An intermittent growth of capital might cause values to be abnormal, then normal and then abnormal again; but a continuous growth of capital will keep values in some small degree perpetually abnormal, in the special and narrow sense of the term, for it will cause them always to differ from the static standards. In the finer and truer sense, it is natural that they should thus differ from these standards; since it is entirely in accordance with nature that capital should steadily increase and that the increase of it should be in a measure localized. The values which in a dynamic society are in accordance with nature—and thus, in the higher sense of the term, natural—are the values that deviate from the static standard by a natural interval. The localized increase of capital, like that of labor, keeps general wages and interest by a real, though slight, interval below the static standards. The lower actual rates are in a true sense natural, if the distance between them and the standard rates is a normal one.
Let us now apply these principles to the third dynamic change which we have noticed—that resulting from inventions or improvements in method. The effect of this change on value is much less steady than is that of an increase of population or of capital. Inventions appear now here, now there and now elsewhere. They lower the price first of one thing and then of another; and, from the moment when the labor-saving machine begins to work in producing a particular article, there is a new static standard of value for that article and for all others. When the machine shall have produced its full effects, more of the goods produced by it will be constantly offered for sale and the price of them will be lower. From the outset this lower price is the static or, in the narrow sense, the natural price. At first the actual price is higher than this, but it tends gradually to conform to it.

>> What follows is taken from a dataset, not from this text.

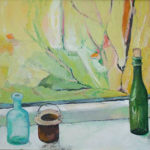 Bottles and Bucket Pot with View - bowmanoilpaintings.co.uk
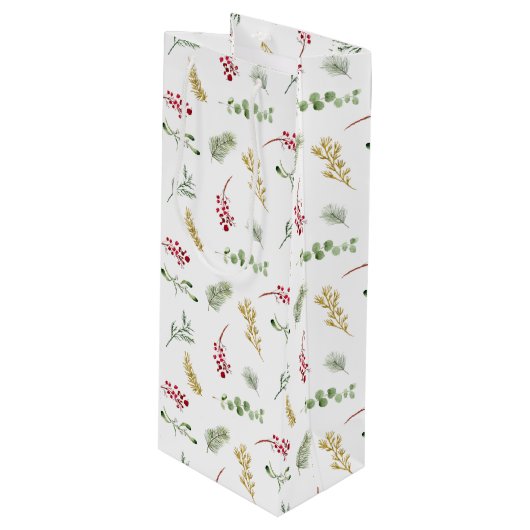 Eenvoudige Waterverf met gouden wintergroen kerstf Wijn Cadeautas (Voorkant Gekanteld)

If inventions were confined to one group and if they occurred intermittently, the standard value of the product of that group would first go down with a sudden drop, then it would remain stationary awhile and then, as the result of the next improvement, it would drop again. If the standard continued stationary long enough, actual value might fall to the static level and remain there for a while. Static value dropping and coming to a halt, actual value gradually falling but at intervals overtaking the descending standard—such is the condition of an industry in which inventions are made, as it were, by fits and starts.
If improvements go on continuously in one industry and in no others, the actual value of the goods there produced is always pursuing a standard of value that is steadily descending. Both values are falling, but there is an interval between them; and, if the interval is a normal one, the actual value may be said to be natural in the true sense of being in conformity with nature. The dynamic standard of value is a moving one; and actual value is as natural law would have it, when it moves in the same direction and remains at the proper interval behind this standard value. Whenever the value of only one thing thus descends, that of every other thing rises. The products of the groups in which there are no labor-saving inventions are, so far as this influence goes, always rising in value; and, moreover, they are always pursuing a rising standard that keeps ahead of them. If the improvements are altogether localized in A”’ of our tabular group system, then the values of B”’, C”’ and D”’ are not at any one moment as high as they will be when the output of A”’ shall become larger. Static law requires that the output of A”’ shall thus become larger. An uninterrupted succession of labor-saving inventions in the sub-group A”’ causes the actual value of A”’ to pursue a descending standard, but never to overtake it, and it causes the values of B”’, C”’ and D”’ to pursue ascending standards, but never to overtake them.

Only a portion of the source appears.